Since When Is Yoga Practice Pretty?
*DISCLAIMER -- Joan, I apologize in advance for the curse words!*
The gorgeous, graceful, perfectly timed yoga video… We’ve all seen them. Yoga practitioners going about their yoga practices with ease, making every posture look mastered and ethereal. Movements are calm and the breath is steady. Sometimes these students are even smiling, as if privy to some otherworldly realm that has tickled their funny bone; not an ounce of sweat broken.
Are you fucking high??? Real yoga doesn’t look like that!

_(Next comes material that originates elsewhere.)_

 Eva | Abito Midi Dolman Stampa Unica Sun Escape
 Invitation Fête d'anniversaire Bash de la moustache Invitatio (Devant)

The Ashtanga practice is difficult and unglamorous. When practicing with intention, most students will start sweating profusely within the first 10 minutes of movement. The breathing is loud and sometimes labored. Involuntary grunts, burps, and farts escape practitioners, often to their horror. Pristine yoga clothes start to sag and droop with every asana, as hair begins to look like something from the pages of Where The Wild Things Are.

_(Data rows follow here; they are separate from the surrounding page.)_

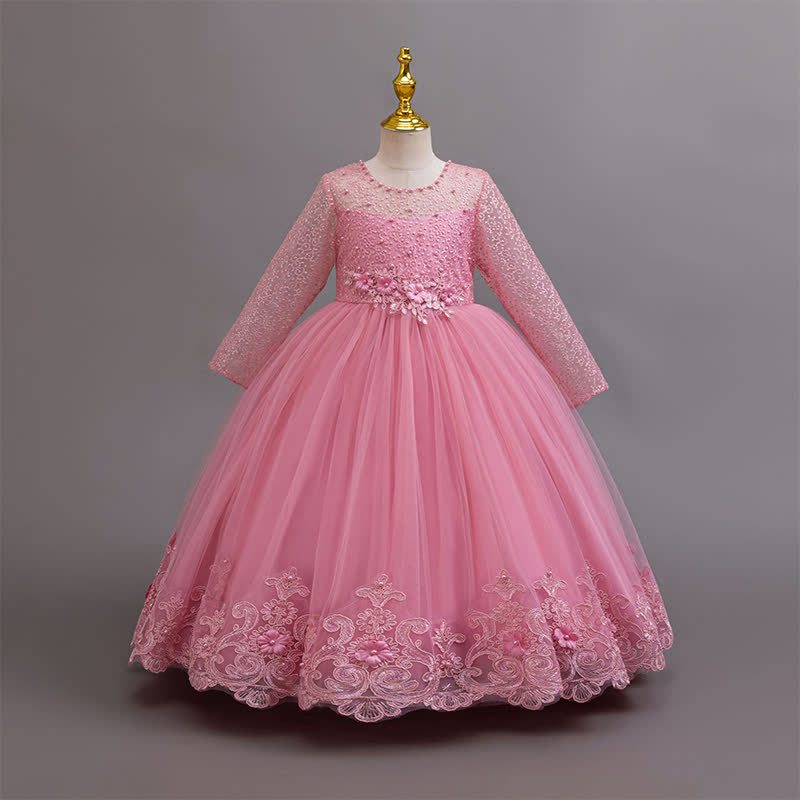 Mesh Lace Rosette Long Sleeve Maxi Dresses - Dark Pink - 12-13Y - image 6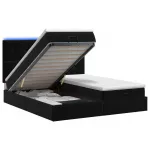 Otmana lova su matracsu ir LED Juoda 200 x 200 cm Aksomas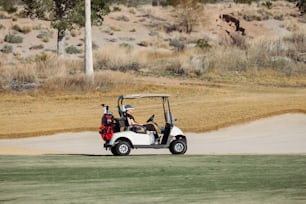 Un uomo che guida un carrello da golf su un campo da golf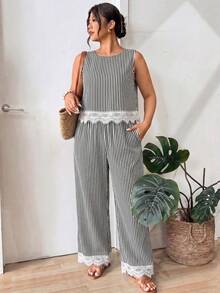 SHEIN Frenchy 大码两件套条纹蕾丝拼接度假装 - 黑色 - 查看 5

That shit’s not cute. Trust me.
And that’s okay! Because yoga isn’t supposed to be cute. Yoga isn’t about your great outfit or your lovely hair. It has nothing to do with how you effortlessly get into Marichyasana D or how you beautifully transition from Supta Kurmasana to Bakasana. And makeup? Well, fuck that. Who wears makeup when practicing yoga anyway? If you want your face to slide off mid practice, go ahead. But I don’t recommend it.
My piece of advice: Don’t compare yourself to someone else. Just do your practice, regardless of what it looks like. And know that the uglier it looks, the better it is. An ugly, sweaty, farty practice means that you’re REALLY trying. And that’s all that matters.